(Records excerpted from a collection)
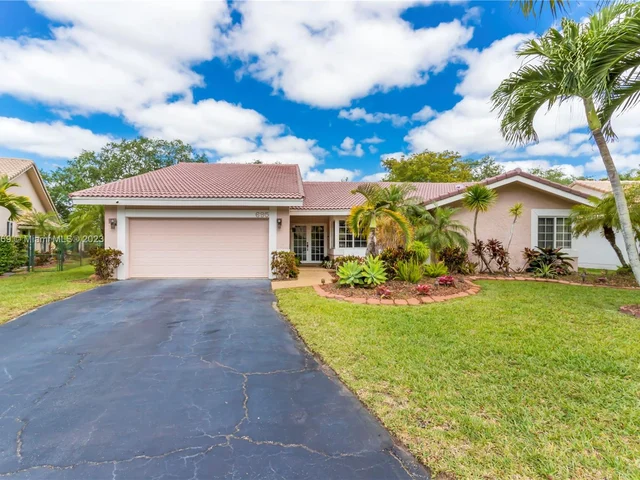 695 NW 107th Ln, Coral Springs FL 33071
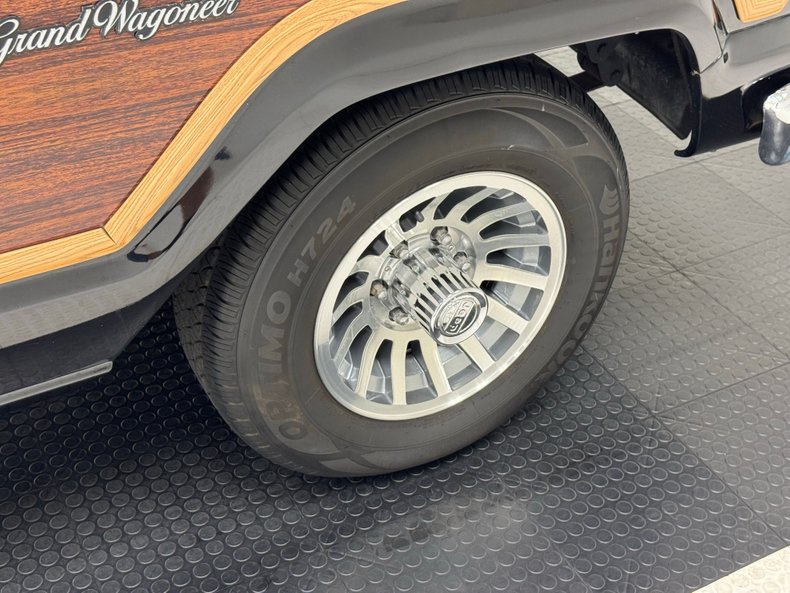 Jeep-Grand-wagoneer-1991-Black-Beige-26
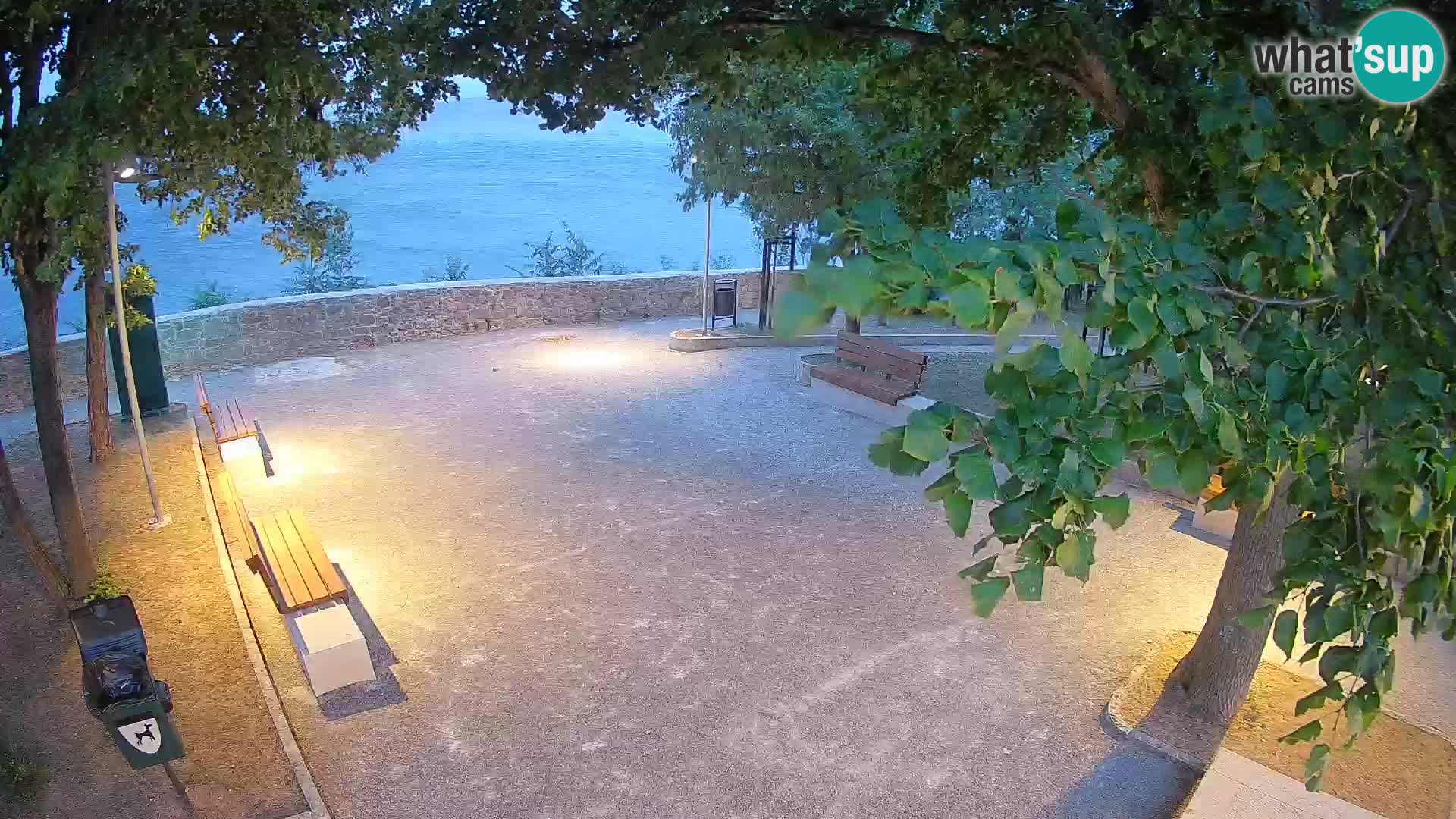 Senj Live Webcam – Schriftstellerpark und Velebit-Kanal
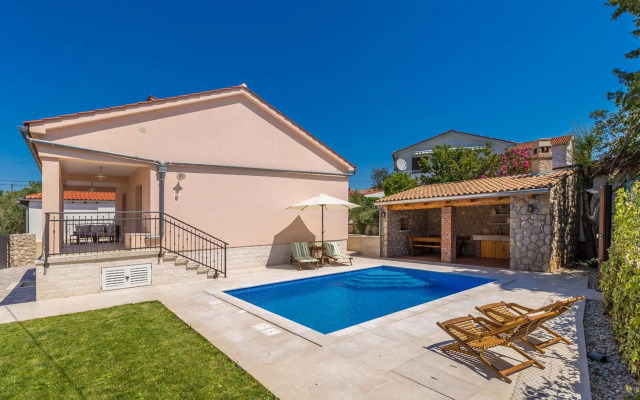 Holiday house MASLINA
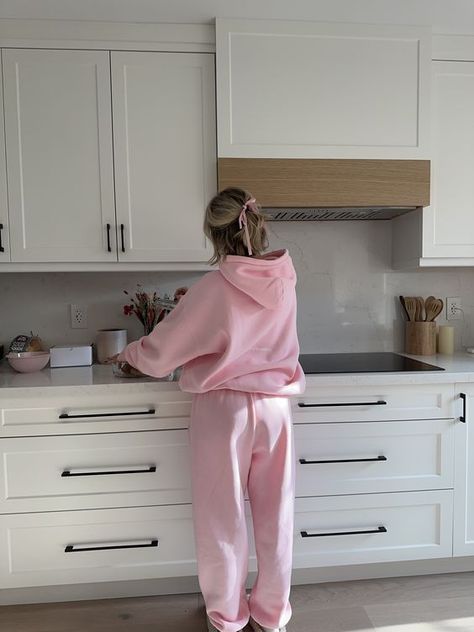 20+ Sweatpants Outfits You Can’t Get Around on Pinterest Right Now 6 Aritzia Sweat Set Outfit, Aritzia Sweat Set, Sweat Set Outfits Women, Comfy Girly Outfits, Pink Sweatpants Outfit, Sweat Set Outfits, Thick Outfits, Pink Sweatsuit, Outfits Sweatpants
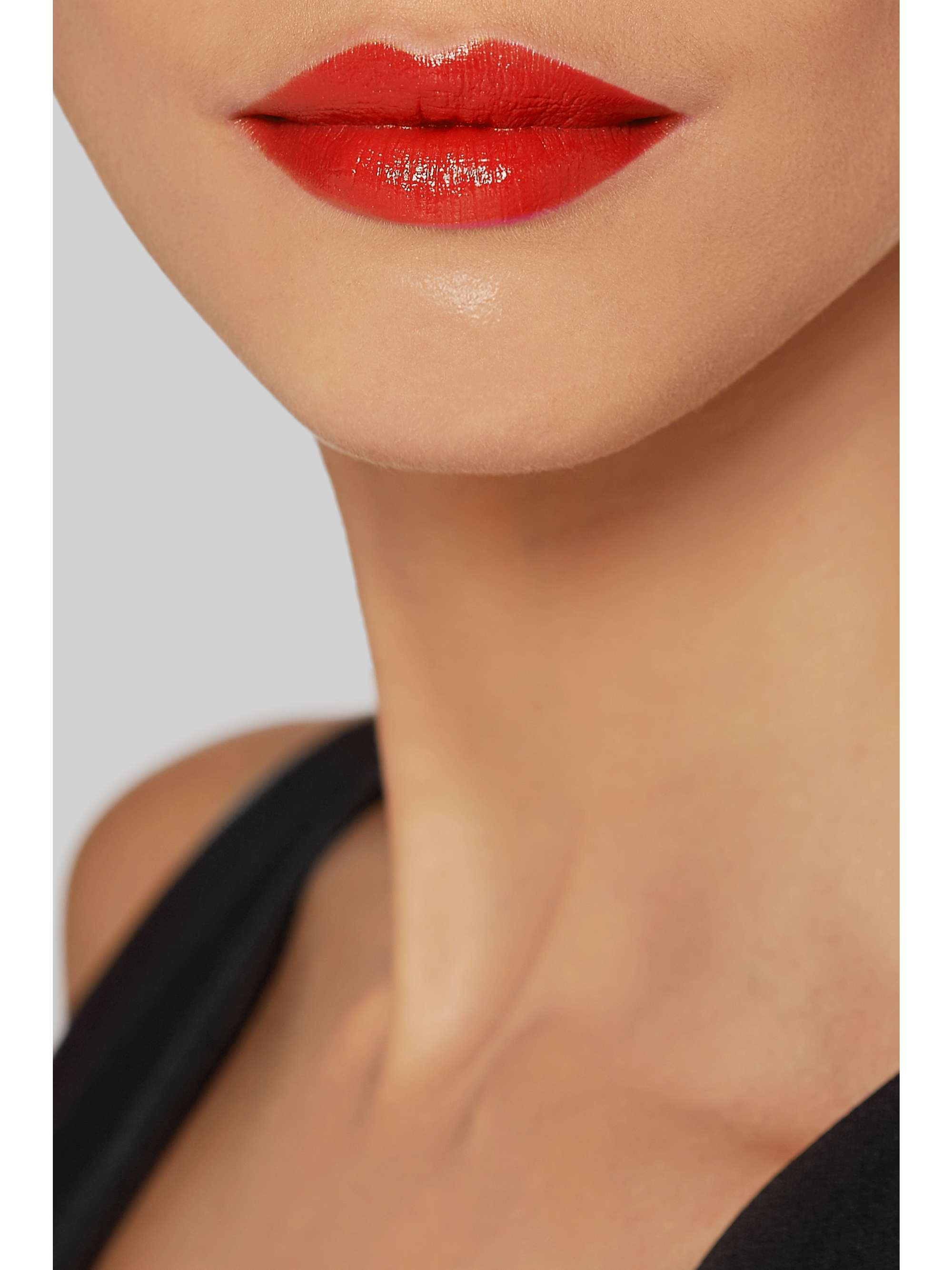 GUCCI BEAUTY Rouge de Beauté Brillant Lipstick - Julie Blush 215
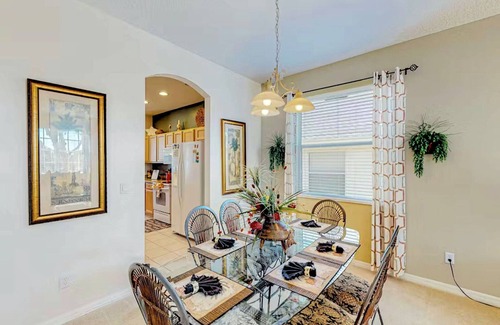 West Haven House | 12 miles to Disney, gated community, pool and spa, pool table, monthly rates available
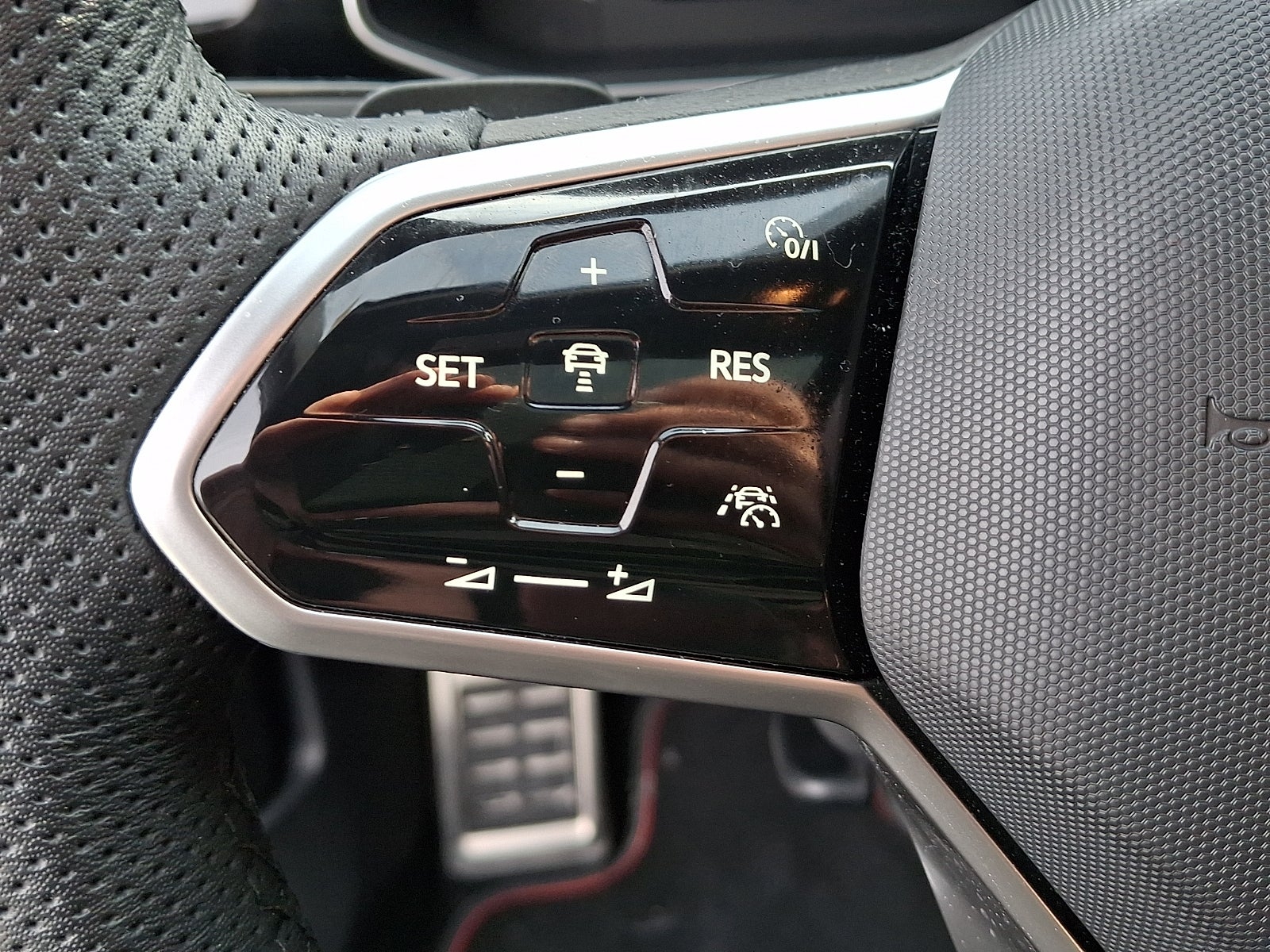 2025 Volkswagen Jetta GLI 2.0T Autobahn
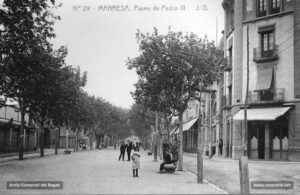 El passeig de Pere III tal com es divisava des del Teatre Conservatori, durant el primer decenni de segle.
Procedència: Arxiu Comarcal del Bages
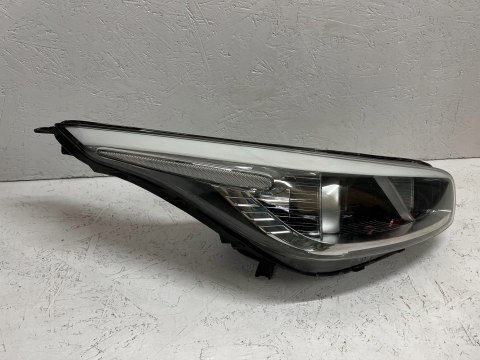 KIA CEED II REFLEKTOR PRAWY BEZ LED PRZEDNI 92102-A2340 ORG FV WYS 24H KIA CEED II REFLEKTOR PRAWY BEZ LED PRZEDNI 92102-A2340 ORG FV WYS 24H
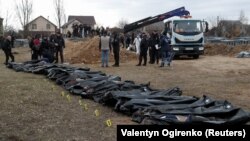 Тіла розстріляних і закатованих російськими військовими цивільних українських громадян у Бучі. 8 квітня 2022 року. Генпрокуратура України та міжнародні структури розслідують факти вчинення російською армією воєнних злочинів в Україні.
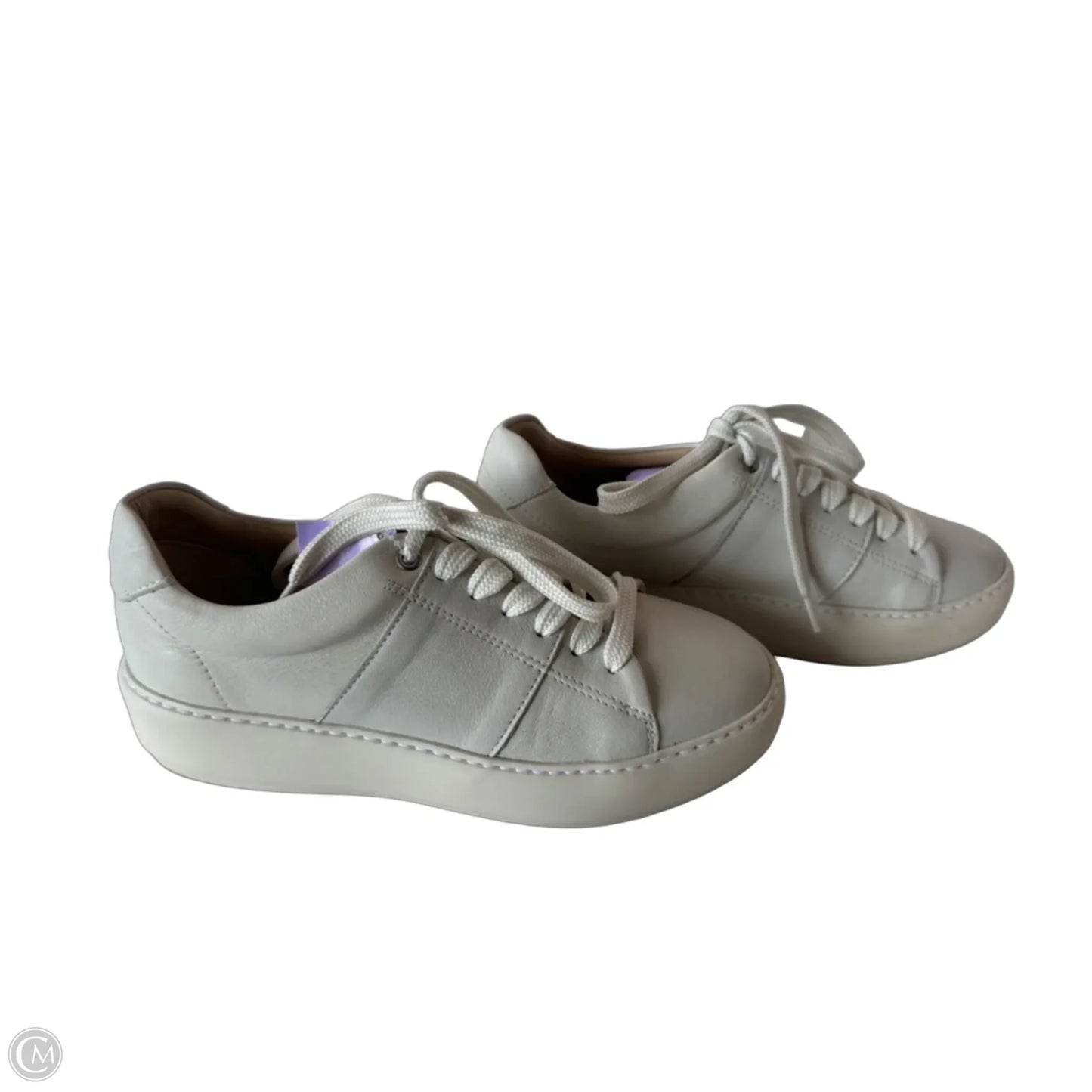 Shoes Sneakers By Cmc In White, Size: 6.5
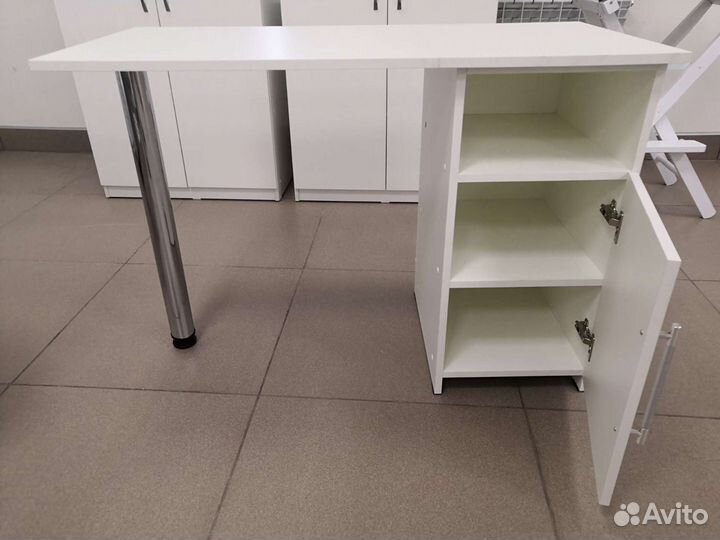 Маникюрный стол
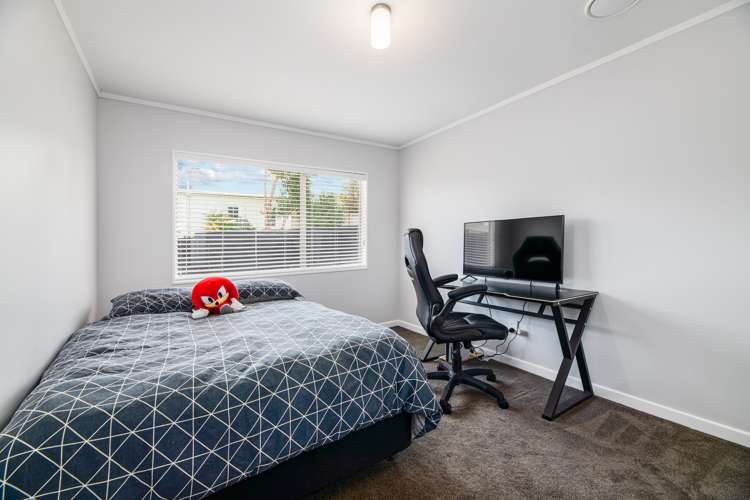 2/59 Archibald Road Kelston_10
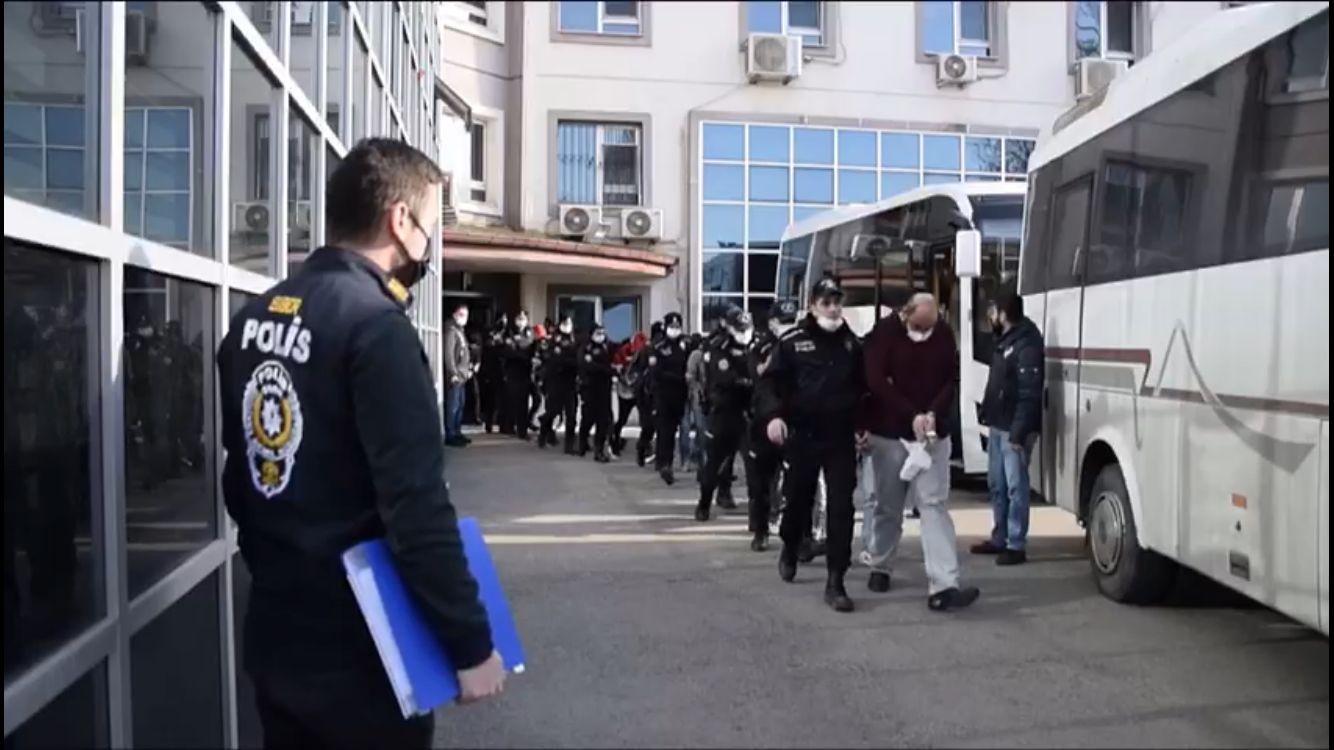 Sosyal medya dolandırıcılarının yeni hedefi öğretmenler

Aim of the exercise.
Every record above must be copied exactly; none of the pictures belong in the copy.

Output below.
 695 NW 107th Ln, Coral Springs FL 33071
 Jeep-Grand-wagoneer-1991-Black-Beige-26
 Senj Live Webcam – Schriftstellerpark und Velebit-Kanal
 Holiday house MASLINA
 20+ Sweatpants Outfits You Can’t Get Around on Pinterest Right Now 6 Aritzia Sweat Set Outfit, Aritzia Sweat Set, Sweat Set Outfits Women, Comfy Girly Outfits, Pink Sweatpants Outfit, Sweat Set Outfits, Thick Outfits, Pink Sweatsuit, Outfits Sweatpants
 GUCCI BEAUTY Rouge de Beauté Brillant Lipstick - Julie Blush 215
 West Haven House | 12 miles to Disney, gated community, pool and spa, pool table, monthly rates available
 2025 Volkswagen Jetta GLI 2.0T Autobahn
 El passeig de Pere III tal com es divisava des del Teatre Conservatori, durant el primer decenni de segle.
Procedència: Arxiu Comarcal del Bages
 KIA CEED II REFLEKTOR PRAWY BEZ LED PRZEDNI 92102-A2340 ORG FV WYS 24H KIA CEED II REFLEKTOR PRAWY BEZ LED PRZEDNI 92102-A2340 ORG FV WYS 24H
 Тіла розстріляних і закатованих російськими військовими цивільних українських громадян у Бучі. 8 квітня 2022 року. Генпрокуратура України та міжнародні структури розслідують факти вчинення російською армією воєнних злочинів в Україні.
 Shoes Sneakers By Cmc In White, Size: 6.5
 Маникюрный стол
 2/59 Archibald Road Kelston_10
 Sosyal medya dolandırıcılarının yeni hedefi öğretmenler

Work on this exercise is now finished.